Fly Fishing in your mind – “The Longest Silence”

Last updated on January 10th, 2024.

Leonard Schoenberger

In a world of fly fishing dominated by flashy pictures, a book like Thomas McGuane’s classic “The Longest Silence” offers a chance to experience fly fishing in a different way.

Some of you have surely heard of Thomas McGuane before. Any fly fisherman who has started collecting books on the sport has certainly come across this master of words. In my case, “The Longest Silence” was one of the first books on the topic I encountered once I started looking into fly fishing literature.

 

I bought a used copy of it on the internet after having read good reviews about it, referring to the book as one of the classics of fly fishing literature. The quote on the cover page by Jeremy Paxman – “One of the best fishing trips I’ve had this year” sums up the book perfectly.

 

If you didn’t know that the topic of the book was fly fishing – in its widest sense – you would perceive it as a “normal” novel. The beauty of it is that Thomas McGuane is simply a great author who luckily for us fly fishermen choose the topic of angling as his subject.

 

When you open up the book that was first published almost 20 years ago, McGuane’s mindset of fly fishing sucks you in immediately as he opens with the following sentence in the preface:

 

“The sport of angling used to be a genteel business, at least in the world of ideals, a world of ladies and gentlemen. These have been replaced by a new set of paradigms: the bum, the addict, and the maniac. I’m afraid that this says much about the times we live in. The fisherman now is one who defies society, who rips lips, who drains the pool, who takes no prisoners, who is not to be confused with the sissy with the creel and the bamboo rod.”

 

That was written almost two decades ago. Since then the amount of fishing pictures and videos floating around on the internet has taken on infinite dimensions. Reading a book like “The Longest Silence” grants you an opportunity to experience a different kind of fly fishing.

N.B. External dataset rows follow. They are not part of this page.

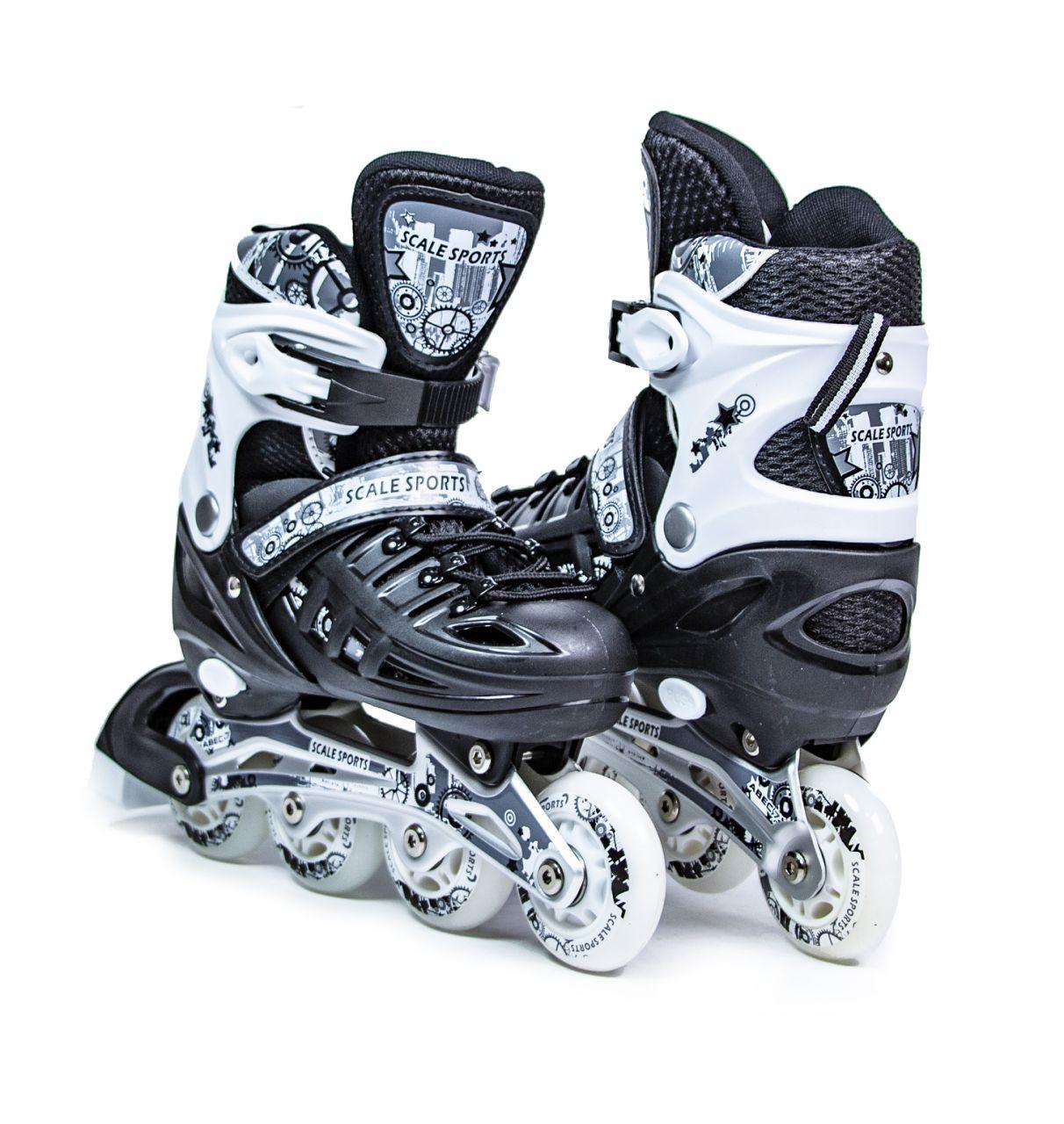 Ролики Scale Sports Black LF 905, розмір 29-33
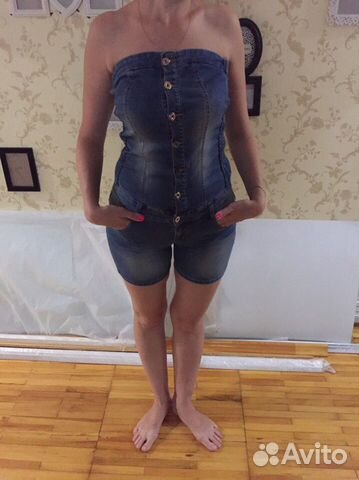 Джинсовый комбинезон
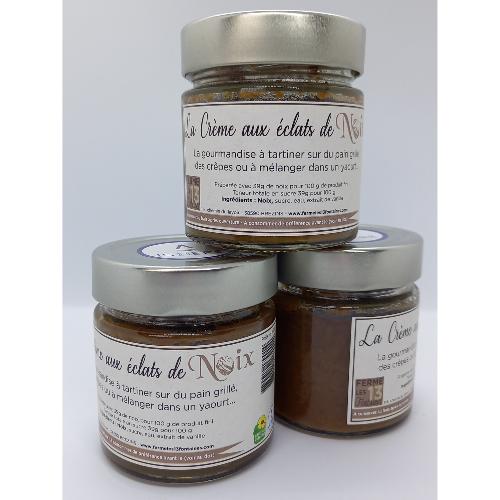 Crème aux éclats de noix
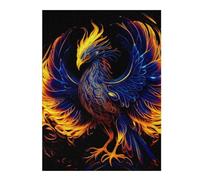 52x38cm/1000pcs Puzzles for Teenagerss Flaming Phoenix Artwork -1 Puzzles for Adults Anti-Stress Toys Difficult Challenge Unique Birthday And Gifts 52x38cm/1000pcs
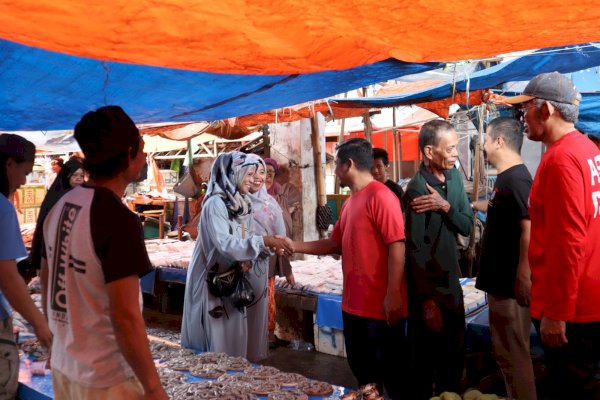 Tasming Hamid Berkomitmen Akan Mengembalikan Kejayaan Pasar Lakessi Parepare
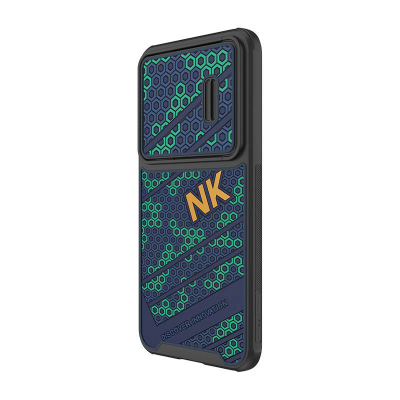 Kllëf telefoni Nillkin Striker për Samsung Galaxy S23, mbrojtës, blu jeshile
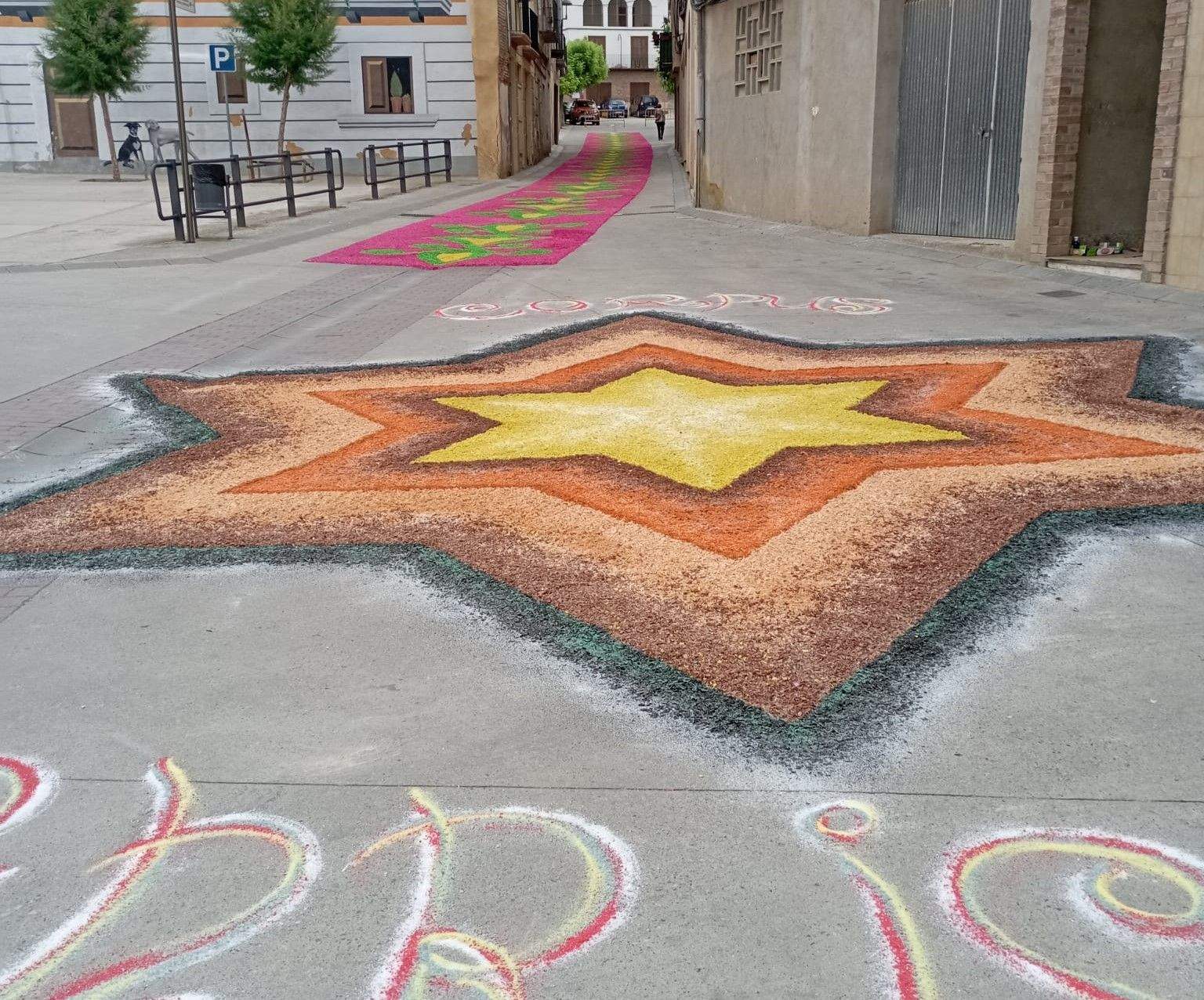 Alfombras del Corpus de Tamarite de Litera.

A gentle one where your mind and Thomas McGuane take you places you can only imagine.

 

In some two dozen chapters, McGuane takes the reader on a wide array of fly fishing trips, ranging from small streams in Michigan, the Henry’s Fork all the way to hunting Tarpon and sea run fish such as Atlantic salmon, steelhead and sea trout.

 

While the topic of fly fishing is always present in the stories, McGuane plays with the nuances that define the sport beyond catching a fish, for example when he writes about bonefish:

 

“Yet, when the serious angler insinuates himself into the luminous, subaqueous universe of the bonefish and catches one without the benefit of accident, he has, in effect, visited another world, one whose precise cycles and conditions appear so serene that the addled twentieth-century angler begins to be consoled for all he has done to afford the trip in the first place.”

 

You can apply his observations to so many things in daily life, far beyond fly fishing. I highly recommend the book to experience a master who depicts the essence of fly fishing in stark contrast to what the sport has become on many levels today.